Regarding point 1. in your post:
AppSync GraphQL filters are applied is to the first 1000 records and any matching records in that 1000 records are returned
Can you point me to where you're getting this information?
if there was a 1million (1,000,000) records in a table 1,000,000/1000 = 1000 call in worst case, pagination after pagination with nextToken
This behavior can vary widely and depends on your data model and resolver implementation. What are you basing these calculations on? Can you share your resolver VTL or point me to the AppSync docs you’re referencing to arrive at the 1000 call figure?
@iartemiev - can we please get on a call so that we would explain the use case and also walk you through the response we have received from the internal support team of aws which lead us to the above numbers. If yes, please share you mail id.
@iartemiev ?
I would prefer that we communicate via GitHub. That way, other customers who have similar questions can benefit from the discussion.
Alternatively, feel free to post your questions in the #graphql-help
channel on the AWS Amplify Discord Server. It's actively monitored by experienced community members as well as AWS engineers.
Sure @iartemiev. Kindly bear with the long writeup below -
Requirement -
type Food
@model(subscriptions: { level: off })
@auth(
rules: [
{ allow: public, operations: [read], provider: iam }
{ allow: private, operations: [read], provider: iam }
{ allow: owner, ownerField: "owner", operations: [read, create, update, delete], provider: userPools }
]
)
{
id: ID!
@primaryKey
name: String! # name field for storing the food name
@index(
name: "byNameByPostalCode"
sortKeyFields: ["postalCode"]
queryField: "listFoodByName"
)
postalCode : Int # postalCode field for knowing in this locality it is available
@index(
name: "byPostalCodeByName"
sortKeyFields: ["name"]
queryField: "listFoodByPostalCode"
)
}
Number of records on this model backed DynamoDB will be 1 Million + , data will be randomly distributed by postalCode. Example : Burger for 30005 will 1st record, 500,000 record and say 1,000,000 record (just and example, point is data is very randomly stored in the table, no ordering)
Options to Search for ALL burgers available at 30005 postal code :
Option A - Use the regular list query and filter by postalCode. Limit is 1000 by default as per AWS support ticket response we have got, pasted below. We will get the 1st Burger record with nextToken, keep using the nextToken keep making a whole of requests (to be specific 499 requests ) to get the record at 500,000 the position, till then we get empty set with nextToken. And to get to the next matching record another 499 requests. so in all 998 request to get to 3 matching records.
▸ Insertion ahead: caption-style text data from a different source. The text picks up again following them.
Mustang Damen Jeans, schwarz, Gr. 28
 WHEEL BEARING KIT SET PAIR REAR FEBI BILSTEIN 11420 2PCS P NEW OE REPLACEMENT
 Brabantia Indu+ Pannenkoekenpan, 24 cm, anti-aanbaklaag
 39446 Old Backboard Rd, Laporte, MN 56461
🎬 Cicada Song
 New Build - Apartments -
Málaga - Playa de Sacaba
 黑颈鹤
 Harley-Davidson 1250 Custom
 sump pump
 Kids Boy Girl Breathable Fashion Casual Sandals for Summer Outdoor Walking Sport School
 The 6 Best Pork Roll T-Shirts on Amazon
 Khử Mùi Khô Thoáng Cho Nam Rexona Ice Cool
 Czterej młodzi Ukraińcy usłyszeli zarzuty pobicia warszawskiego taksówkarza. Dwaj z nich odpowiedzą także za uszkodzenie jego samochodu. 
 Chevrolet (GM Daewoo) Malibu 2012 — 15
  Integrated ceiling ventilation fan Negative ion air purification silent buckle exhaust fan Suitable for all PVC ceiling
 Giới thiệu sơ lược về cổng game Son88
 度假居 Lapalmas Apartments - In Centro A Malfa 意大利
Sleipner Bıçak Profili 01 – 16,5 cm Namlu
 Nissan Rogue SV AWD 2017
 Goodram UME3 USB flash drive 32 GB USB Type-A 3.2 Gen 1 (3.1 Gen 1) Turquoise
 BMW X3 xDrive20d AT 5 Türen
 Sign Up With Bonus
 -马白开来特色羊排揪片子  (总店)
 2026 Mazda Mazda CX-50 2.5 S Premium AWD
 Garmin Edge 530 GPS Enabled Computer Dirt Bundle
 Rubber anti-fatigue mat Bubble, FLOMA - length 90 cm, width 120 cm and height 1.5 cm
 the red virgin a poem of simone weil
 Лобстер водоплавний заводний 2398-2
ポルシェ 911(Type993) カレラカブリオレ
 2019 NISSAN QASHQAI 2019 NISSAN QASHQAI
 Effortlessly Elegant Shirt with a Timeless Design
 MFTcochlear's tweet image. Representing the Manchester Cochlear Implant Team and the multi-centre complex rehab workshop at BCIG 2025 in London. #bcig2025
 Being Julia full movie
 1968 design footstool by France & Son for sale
Option B - Use @Searchable on the model. This will add Open Search with Elastic search - this will increase the limit from 1000 to 10,000. Everything else is same a Option A reduces the problem by order of 10. So now we have to make 98 queries instead of 998.
98 queries is also too much from performance - time stand point and no will use a service with this kind of latency., along with @Searchable adding additional cost - this too is not an IDEAL solution. So what is the recommended solution to search through large data like this ???
Excerpts from conversations with the AWS premium support team is as below, after sanitising some content -
From the case notes, I understand that you have large amount of data and would like to know the best way to get the records with filter expression on list query and to avoid multiple queries with next token. Additionally you would like to know alternatives for the same. Please correct me, if I have misunderstood your query.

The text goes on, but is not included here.